I'm making a 2d game involving drawing huge numbers of overlapping quads to the screen. What goes in front of what doesn't really matter.
If I draw each of my quads with z values from 0 upwards and have glDepthFunc(GL_LESS) set I get quite a nice speed boost as you would expect. This is to avoid having to draw quads which are either totally hidden or partially hidden behind other quads. So I draw the quads using something like:
float small = (float(1)/1000000);
for (int iii = 0; iii < 100000; iii++) {
freeSpace = bullets[iii]->draw(opengl, freeSpace, iii*small);
However as I don't use the z value for actual depth it seems like I should be able to just go:
for (int iii = 0; iii < 100000; iii++) {
freeSpace = bullets[iii]->draw(opengl, freeSpace, 0.0f);
Or just code the z value of 0.0f into the shader. (the 3rd argument is the z value and ends up being set to gl_position in the shader unchanged.)
The strange thing is that the second method (where I set the z value to 0.0f everytime), ends up getting almost less than half the framerate of the former.

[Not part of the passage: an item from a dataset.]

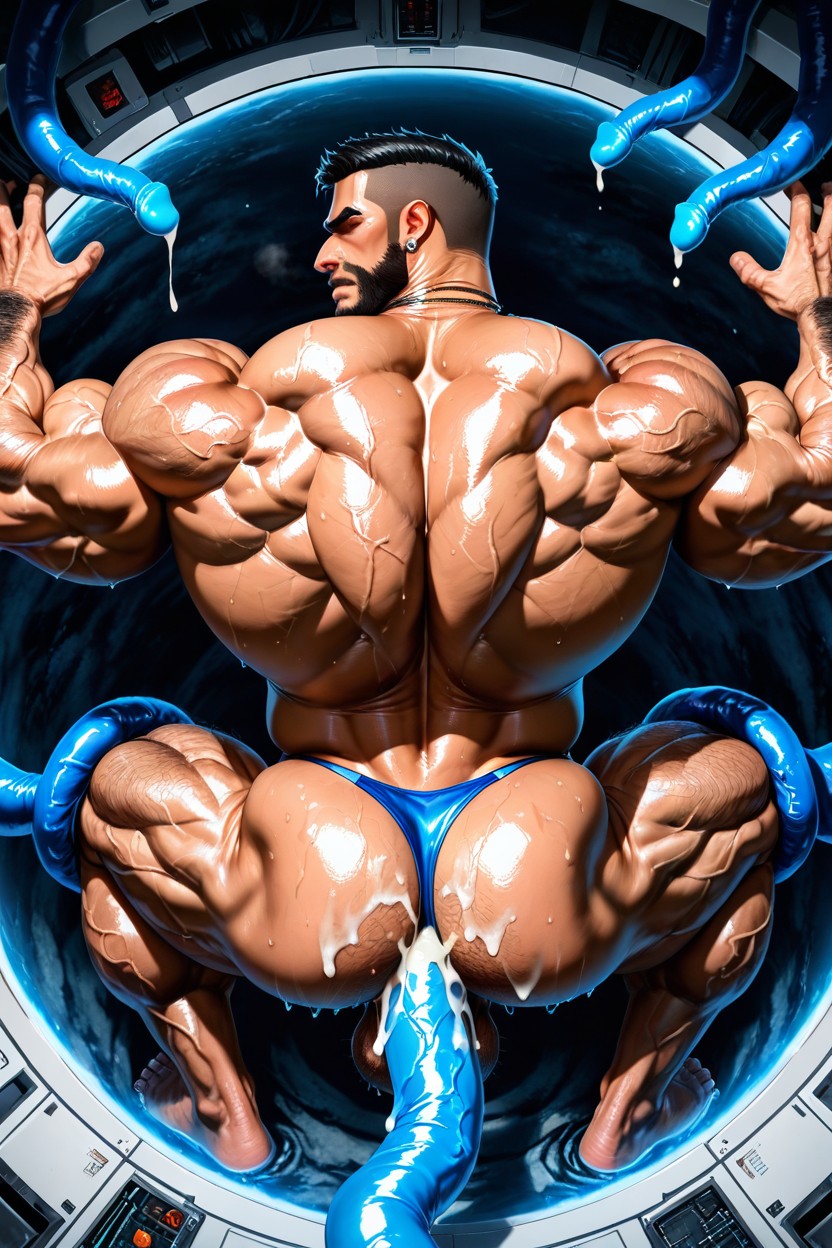 Veiny Muscles, Big Earrings, Detailed Realistic Image AI Gay Porn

Why is this? They both use glDepthFunc(GL_LESS) and
glDrawArrays(GL_TRIANGLES, 0, 100000*(2*3));
Just the same. I would think that if any setting the z to 0.0f each time would be faster. Why is it not?
I'm not positive, but my speculation is that the small delta in z values between primitives allows the zcull hardware to work. This will cull out the fragments before they get to the fragment shader. Besides avoiding the fragment shader work, this culling can happen at a faster rate than normal z-testing when the fragment makes it to the depth buffer test.